Under another method–the two-cycle average daily balance
method–creditors use the average daily balances for two billing cycles
to compute your finance charge. Again, payments will be taken into
account in figuring the balances, but new purchases may or may not be

Be aware that the amount of the finance charge may vary considerably
depending on the method used, even for the same pattern of purchases and

If you receive a credit card offer or an application, the creditor must
give you information about the APR and other important terms of the plan
at that time. Likewise, with a home equity plan, information must be
given to you with an application.

Truth in Lending does not set the rates or tell the creditor how to
calculate finance charges–it only requires that the creditor tell you
the method that it uses. You should ask for an explanation of any terms
you don’t understand.

Leasing Costs and Terms

Leasing gives you temporary use of property in return for periodic
payments. It has become a popular alternative to buying–under certain
circumstances. For instance, you might consider leasing furniture for an
apartment you’ll use only for a year. The Consumer Leasing law requires
leasing companies to give you the facts about the costs and terms of
their contracts, to help you decide whether leasing is a good idea.

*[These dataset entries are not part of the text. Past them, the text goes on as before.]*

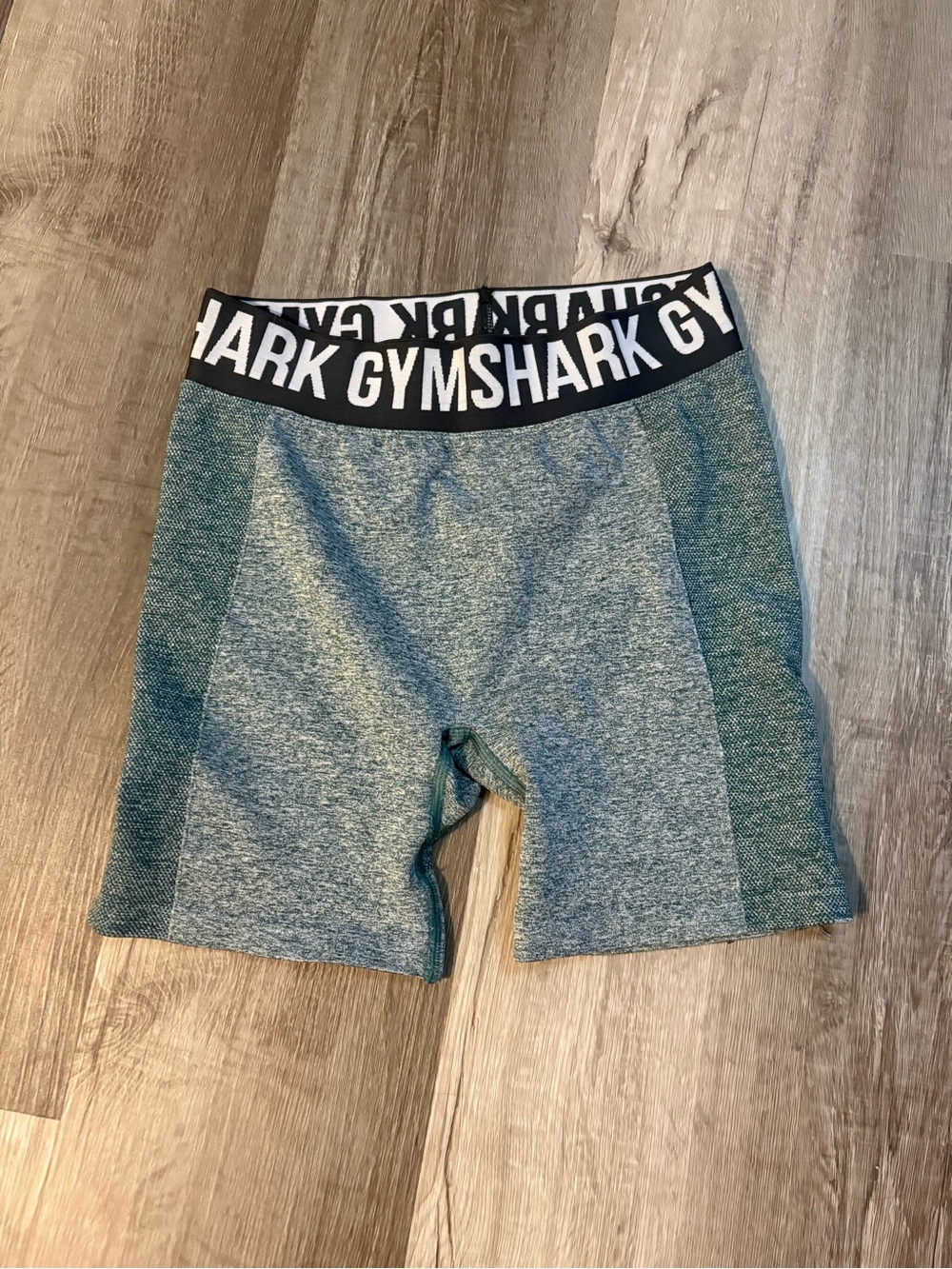 Gymshark Women's Teal Heather Bike Shorts with Black Logo Waistband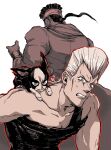  2boys animal animal_on_shoulder arm_up bare_shoulders black_shirt blue_eyes boston_terrier bracelet broad_shoulders clenched_teeth coat collarbone dark-skinned_male dark_skin dog dog_on_shoulder dreadlocks earrings highres iggy_(jojo) jean_pierre_polnareff jewelry jojo_no_kimyou_na_bouken long_sleeves male_focus mohammed_avdol multiple_boys nervous_sweating piercing shirt short_sideburns sideburns simple_background single_strap sinkir stardust_crusaders sweat tall_hair teeth white_background white_hair widow's_peak 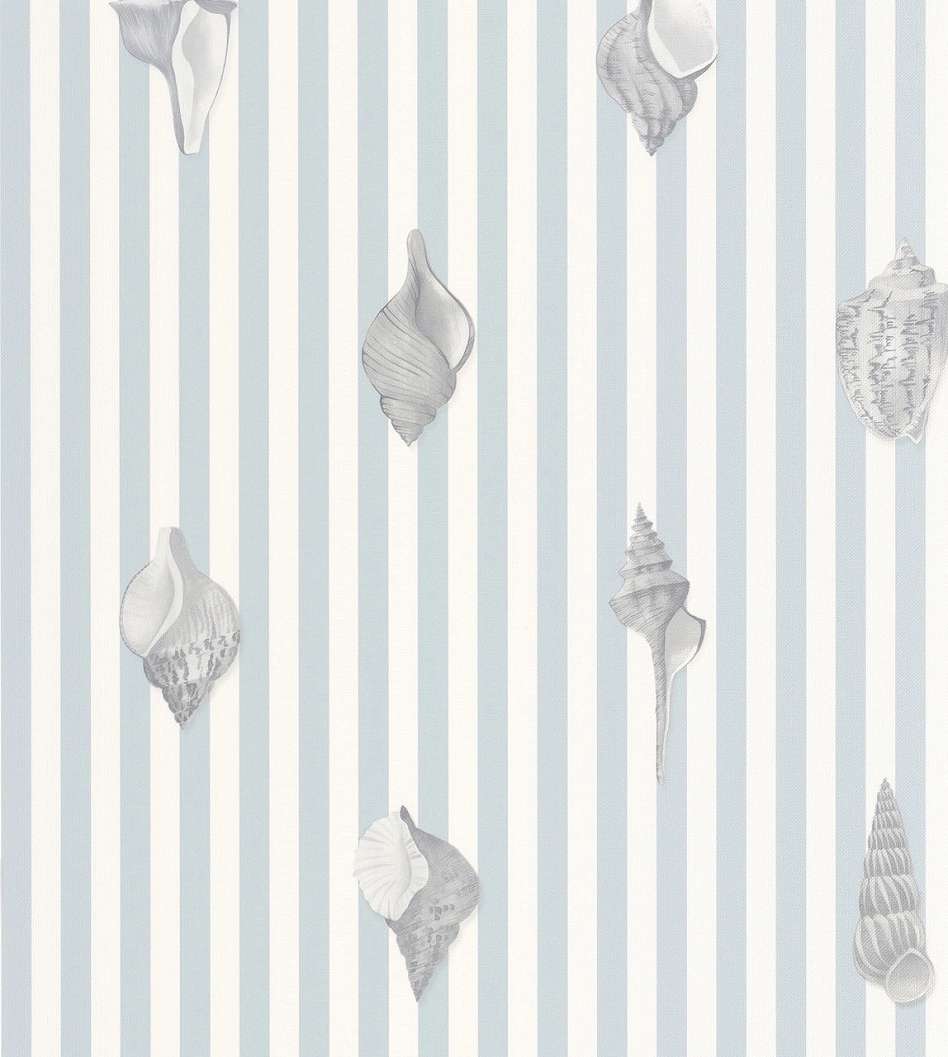 Dekor tapéta csigaházak csíkos mintával kék színben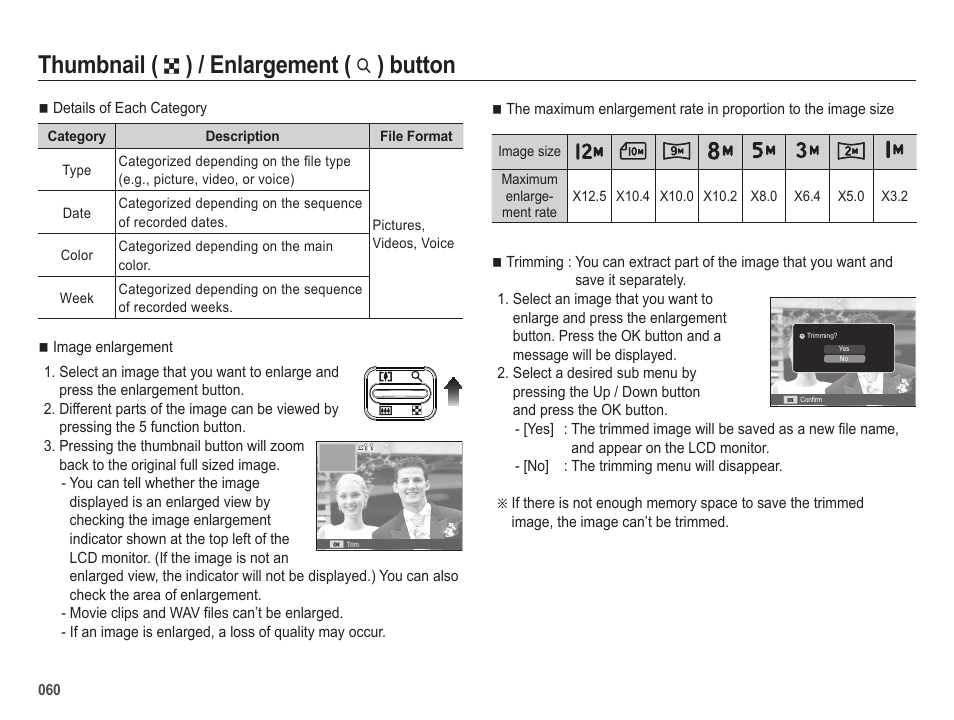 Thumbnail, Enlargement, Button | Samsung ES25 User Manual | Page 61 / 96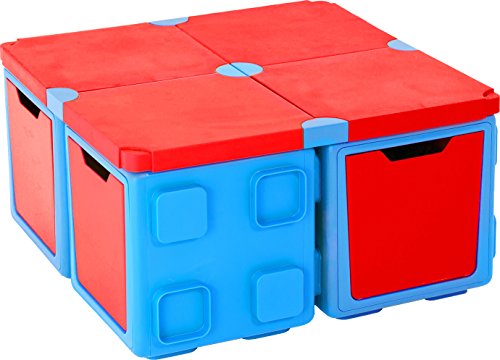 5425029650435 - CHILLAFISH BOX AND BOXTOP BUNDLE: CONNECTABLE TOY STORAGE AND PLAY SYSTEM, TABLE PACK, BLUE/RED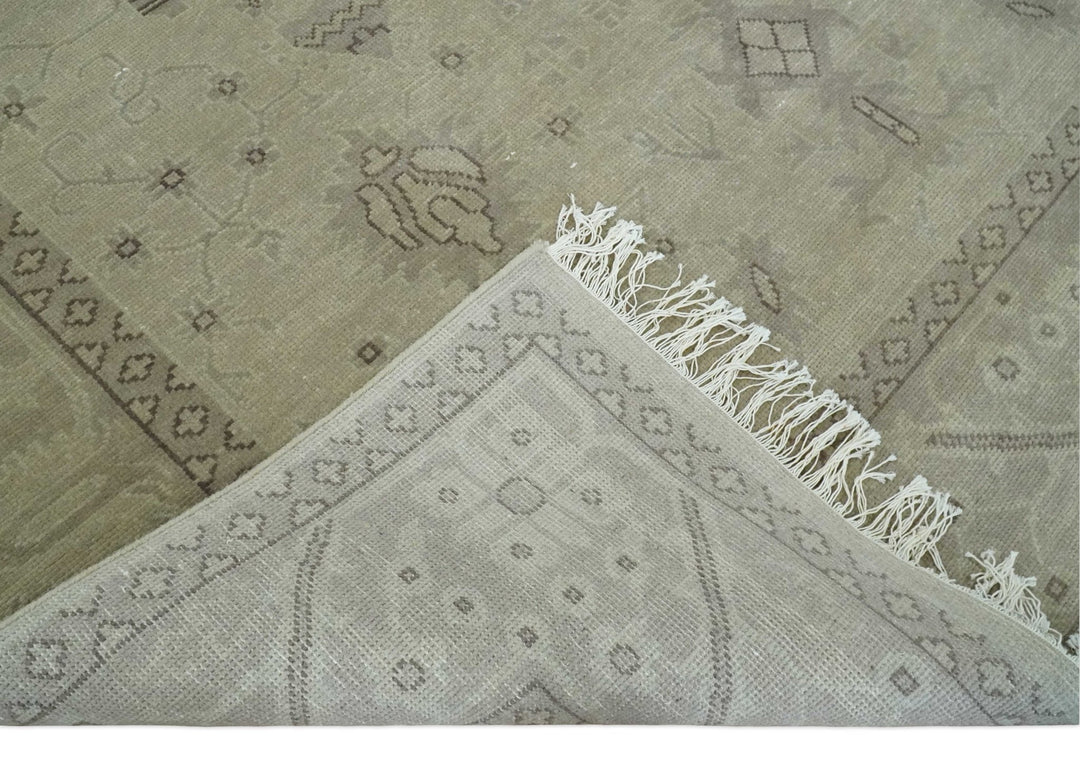 Antique 8x10 Hand Knotted Beige Traditional Vintage Persian Oushak Wool Rug | AC21810 - The Rug Decor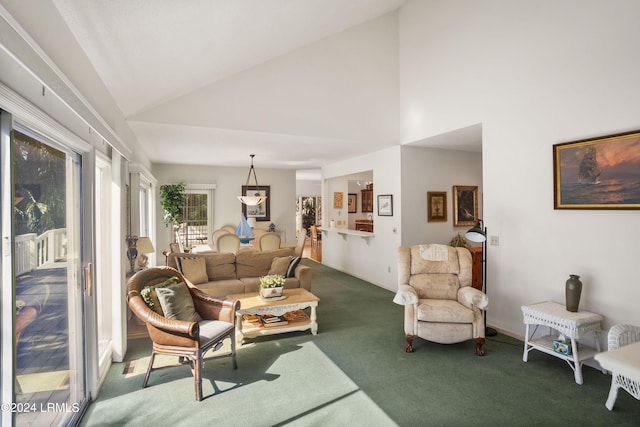 carpeted living room with high vaulted ceiling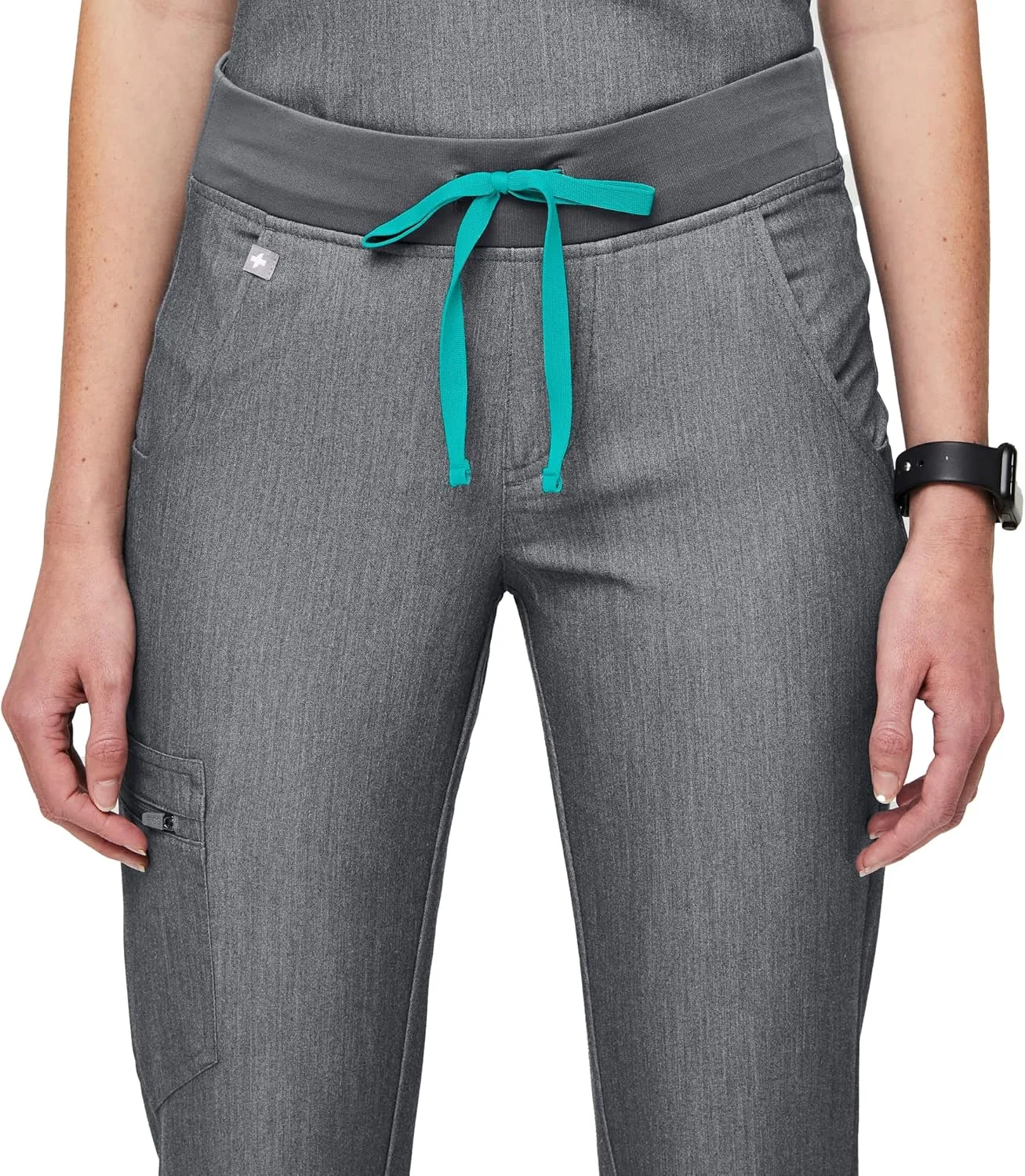 FIGS Zamora Jogger Style Scrub Pants for Women  Slim Fit, 6 Pockets, Yoga Waistband, Ribbed Ankle Cuffs, Anti-Wrinkle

The law applies to personal property leased to you for more than four
months for personal, family, or household use. It covers, for example,
long-term rentals of cars, furniture, and appliances, but not daily car
rentals or leases for apartments.

Before you agree to a lease, the leasing company must give you a written
statement of costs, including the amount of any security deposit, the
amount of your monthly payments, and the amount you must pay for
licensing, registration, taxes, and maintenance.

The company must also give you a written statement about terms,
including any insurance you need, any guarantees, information about who
is responsible for servicing the property, any standards for its wear
and tear, and whether or not you have an option to buy the property.

Open-end Leases and Balloon Payments

Your costs will depend on whether you choose an open-end lease or a
closed-end lease. Open-end leases usually mean lower monthly payments
than closed-end leases, but you may owe a large extra payment–often
called a balloon payment–based on the value of the property when you
return it.

Suppose you lease a car under a three-year open-end lease. The leasing
company estimates the car will be worth $4,000 after three years of
normal use. If you bring back the car in a condition that makes it worth
only $3,500, you may owe a balloon payment of $500.

The leasing company must tell you whether you may owe a balloon payment
and how it will be calculated. You should also know that:

– you have the right to an independent appraisal of the property’s
worth at the end of the lease. You must pay the appraiser’s fee,

– a balloon payment is usually limited to no more than three times
the average monthly payment. If your monthly payment is $ 200, your
balloon payment wouldn’t be more than $600–unless, for example,
the property has received more than average wear and tear (for
instance, if you drove a car more than average mileage).

Closed-end leases usually have higher monthly payment than open-end
leases, but there is no balloon payment at the end of the lease.

Costs of Settlement on a House

A house is probably the single largest credit purchase for most
consumers–and one of the most complicated. The Real Estate Settlement
Procedures Act, like Truth in Lending, is a disclosure law. The Act,
administered by the Department of Housing and Urban Development,
requires the lender to give you, in advance, certain information about
the costs you will pay when you close the loan.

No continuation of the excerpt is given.